### [Input records]
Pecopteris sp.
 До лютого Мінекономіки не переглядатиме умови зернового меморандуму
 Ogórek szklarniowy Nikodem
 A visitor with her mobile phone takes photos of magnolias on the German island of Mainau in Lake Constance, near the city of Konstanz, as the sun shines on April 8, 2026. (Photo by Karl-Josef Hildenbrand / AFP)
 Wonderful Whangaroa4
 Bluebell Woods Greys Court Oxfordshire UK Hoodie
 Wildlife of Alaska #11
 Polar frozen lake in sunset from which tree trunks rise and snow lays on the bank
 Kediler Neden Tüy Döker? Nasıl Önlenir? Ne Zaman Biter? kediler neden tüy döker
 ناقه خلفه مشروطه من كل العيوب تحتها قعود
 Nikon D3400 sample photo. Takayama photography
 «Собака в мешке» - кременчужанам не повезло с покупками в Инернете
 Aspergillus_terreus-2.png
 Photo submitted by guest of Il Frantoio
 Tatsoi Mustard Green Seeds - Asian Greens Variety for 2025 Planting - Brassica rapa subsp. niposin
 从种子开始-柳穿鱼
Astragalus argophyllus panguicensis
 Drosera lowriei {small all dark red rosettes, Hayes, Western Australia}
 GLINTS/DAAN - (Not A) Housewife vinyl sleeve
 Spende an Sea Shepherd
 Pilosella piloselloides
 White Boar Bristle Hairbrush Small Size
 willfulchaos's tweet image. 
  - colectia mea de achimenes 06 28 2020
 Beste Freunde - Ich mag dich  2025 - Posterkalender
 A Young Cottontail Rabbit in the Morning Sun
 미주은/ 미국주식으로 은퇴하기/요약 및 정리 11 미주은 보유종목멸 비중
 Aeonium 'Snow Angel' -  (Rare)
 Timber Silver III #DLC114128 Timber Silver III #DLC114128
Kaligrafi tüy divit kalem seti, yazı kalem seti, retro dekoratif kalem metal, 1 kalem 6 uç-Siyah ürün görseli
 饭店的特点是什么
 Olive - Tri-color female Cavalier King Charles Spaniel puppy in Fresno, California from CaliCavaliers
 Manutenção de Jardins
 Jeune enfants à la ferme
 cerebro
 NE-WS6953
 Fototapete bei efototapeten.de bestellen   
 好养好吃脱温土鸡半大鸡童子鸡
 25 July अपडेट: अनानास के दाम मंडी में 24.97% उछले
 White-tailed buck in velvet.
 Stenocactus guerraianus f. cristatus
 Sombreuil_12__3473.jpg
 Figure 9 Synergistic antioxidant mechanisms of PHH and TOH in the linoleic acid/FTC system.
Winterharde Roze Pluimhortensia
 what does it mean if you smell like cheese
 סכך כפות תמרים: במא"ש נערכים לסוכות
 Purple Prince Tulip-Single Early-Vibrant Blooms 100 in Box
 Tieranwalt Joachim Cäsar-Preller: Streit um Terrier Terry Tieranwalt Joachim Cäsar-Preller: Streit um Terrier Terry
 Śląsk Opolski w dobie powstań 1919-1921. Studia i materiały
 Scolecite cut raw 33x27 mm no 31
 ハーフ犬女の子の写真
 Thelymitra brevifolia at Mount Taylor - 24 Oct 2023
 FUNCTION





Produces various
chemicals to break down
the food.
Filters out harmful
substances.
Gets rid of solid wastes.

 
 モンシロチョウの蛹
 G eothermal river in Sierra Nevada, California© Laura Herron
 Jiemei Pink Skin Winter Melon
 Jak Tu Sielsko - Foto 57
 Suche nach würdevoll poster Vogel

### [Exercise prompt]
When a line above includes the word "California", please list that line.

### [Task output]
 Olive - Tri-color female Cavalier King Charles Spaniel puppy in Fresno, California from CaliCavaliers
 G eothermal river in Sierra Nevada, California© Laura Herron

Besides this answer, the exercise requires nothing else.